[BusyBox] Re: network enabled awk

Rainer Weikusat rainer.weikusat at sncag.com
Wed Aug 24 08:56:45 UTC 2005


"Peter V. Saveliev" <peet at peet.spb.ru> writes:
> On Monday 22 August 2005 19:53, Rob Landley wrote:
> <skip /> 
>> 
>> 2) What on _earth_ would this kind of thing be used for?
>
> awk is a text processor. So, network extension can be used for
> test processing over network.
>
> nc | awk is _not_ enough in some cases.

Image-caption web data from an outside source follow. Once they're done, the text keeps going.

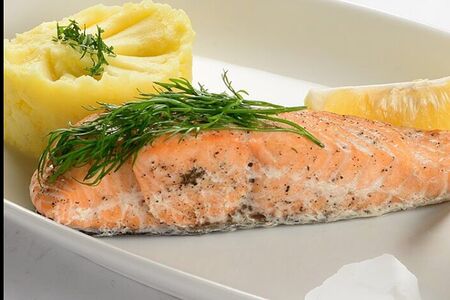 Стейк из семги на пару с картофельным пюре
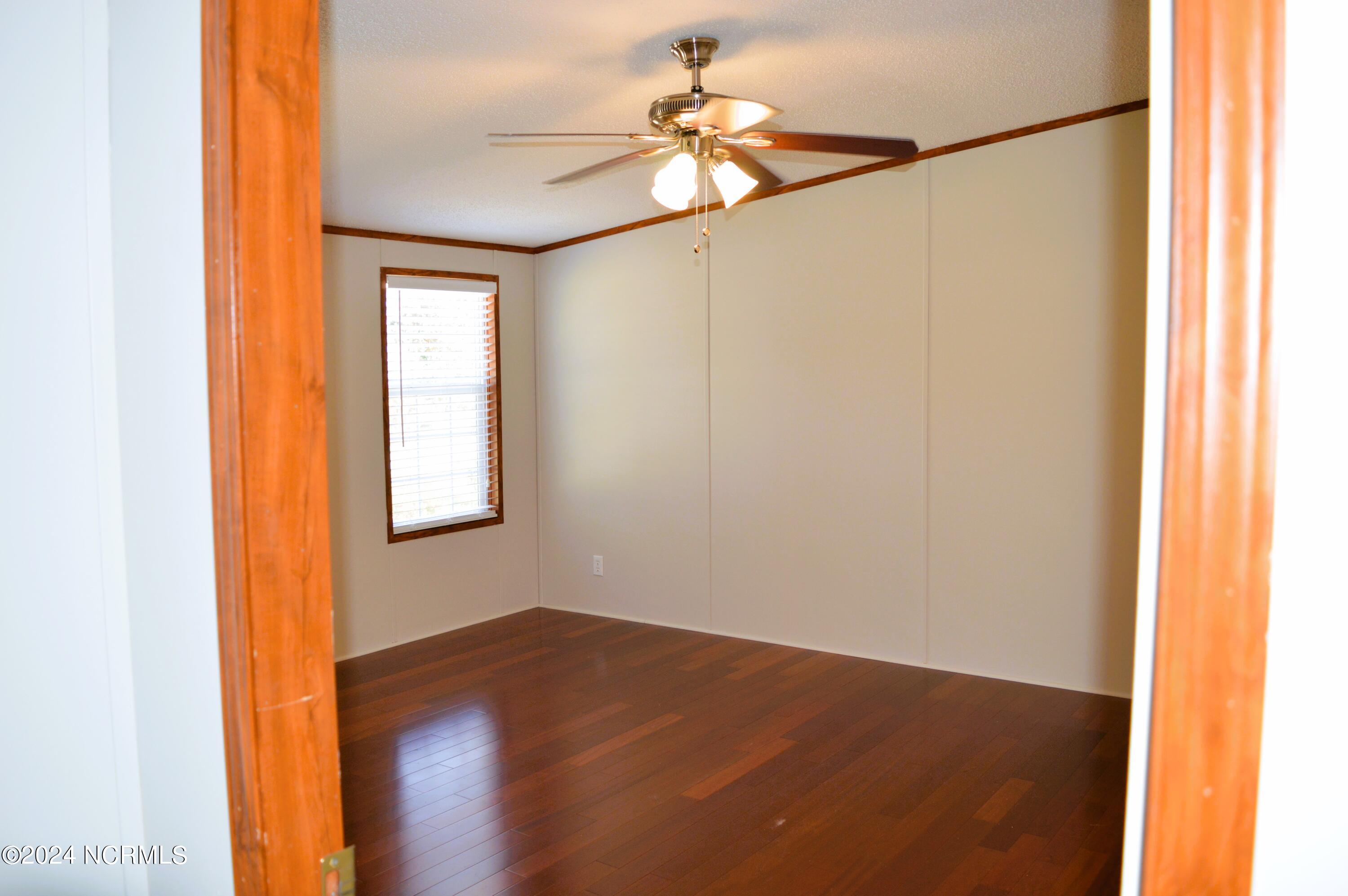 1886 Pelican Point Court SE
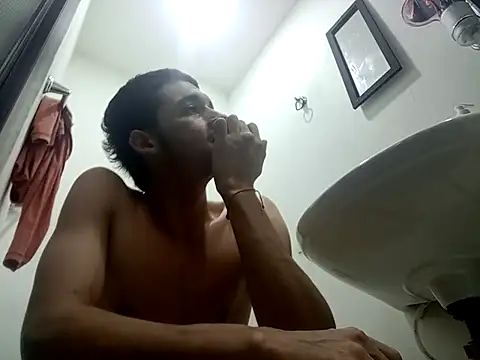 Snapshot of am_cvo1824 chatting on January 15, 11:52 pm am cvo1824 online show from January 15, 11:52 pm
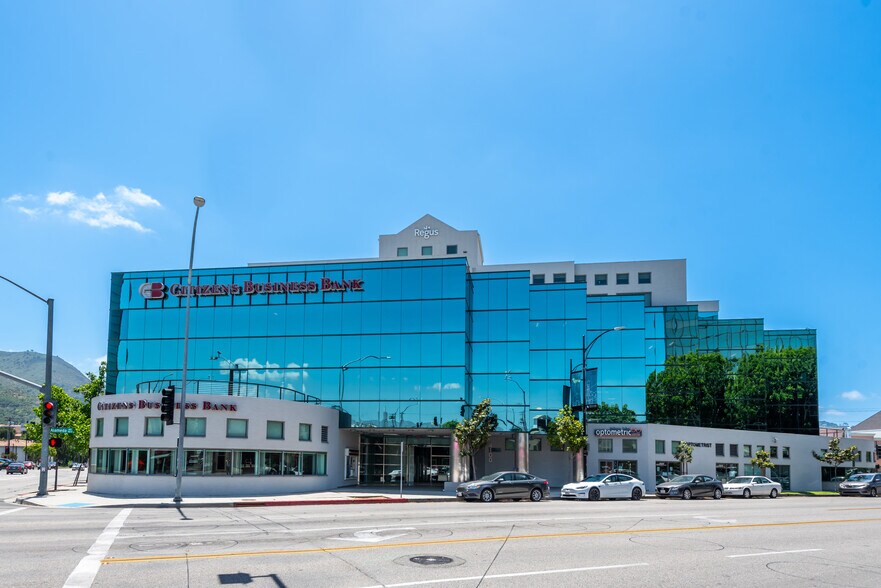4100 W Alameda Ave, Burbank, CA à louer - Photo de l’immeuble – Image 2 sur 9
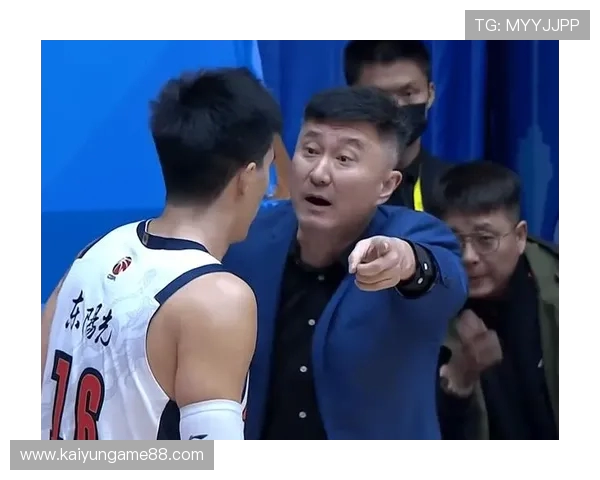 广东宏远今日早报！老板全额发放奖金，外援全部离队，杜峰去向曝光，多名球队合同到期_3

Certainly not. But what should be enough for all cases is something
like

	socket -p 'awk -f ...' <host> <port>

'The text processor' does not need to be able to open sockets, as long
as 'a socket opening program' can do that and pass the socket to 'the
text processor' (one of the things I happen to use around here is 'the
socket listener' that passes forcibly redirected connections to 'the
connector', which connects to the original destination and then calls
'the protocol processor' [in this case, for end-user transparent mail
scanning of POP3 sessions]. And there are, given that this arrangement
is running on something which would have been a pretty fast
workstation not more than seven years ago, of course, none of the
"mythical problems" that people constantly try to find with the
UNIX(*) model of solving complex problems --- fork doesn't hurt me,
exec doesn't hurt me, preemptive multiprogramming doesn't hurt me
etc).

It is not necessary to have a single program running on a computer
which has all the required functionality, including kernel, C-library,
mail reader and flight simulator linked in. Really.